Vous savez Maître, les miracles ne se reproduisent pas deux foix – si je me rendors ce sera définitif – Alors c’est à vous tous d’ être vigilants.
- Je veux qu’on chasse la politique de mon palais, car chaque fois qu’elle entre, moi j’en sors, vous ne l’ignorez pas!
- Je ne veux plus de tribunaux d’exception, ce sont des tribunaux de la honte qui éclaboussent gouvernants et gouvernés.
- Je ne veux plus qu’on érige des lois sur mesure pour des cas d’espèces – la loi est égale pour tous, n’oubliez jamais ce principe.
- Je ne veux plus qu’on agisse sur instructions ou sur intervention, je suis née pour être indépendante. Savez-vous qu’à force de changer le fusil d’épaule, on finit par en être victime.
Enfin Maître, je réclame un coup de balai! On ne peut pa être et avoir été! Soyez honnête avec vous même, il a bon dos l’ ancien régime – De qui était-il constitué, sinon de vous tous!
- Thémis, n’êtes-vous pas un peu sévère avec nous, tout le monde n’a pas une trempe de héros!

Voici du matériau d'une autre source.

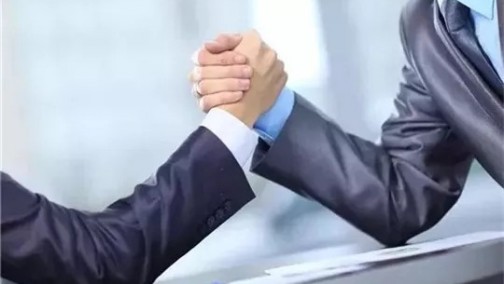 戴姆勒欲控制北京奔驰，背后竟牵扯到吉利和华为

- Ne retournons pas sur le passé, montrez vos capacités, votre patriotisme, et votre sens civique, maintenant que la démocratie est établie
- La démocratie se mérite et ne peuvent la sauvegarder que les êtres responsables – Voyez-vous Maître, je ne veux pas être l’ oiseau de mauvais augure, mais si vous comptez abuser de la démocratie , vous tomberez infailliblement dans l’étau d’un régime militaire – Dieu vous en garde –
- Savez-vous, Maître que je rougis de honte, en regardant certaines gens circuler dans mon autel – Venez! Promenons-nous! Attention, ne vous éloignez-pas! Nous risquons de nous perdre : Il faut être à moitié devin pour circuler dans le Palais de Justice, aucun plan des lieux n’est affiché, aucun bureau d’ accueil , aucun centre d’information. Il arrive très souvent que des justiciables soient condamnés par défaut alors qu’i ls errent dans les couloirs à la recherche de la salle d’ audience .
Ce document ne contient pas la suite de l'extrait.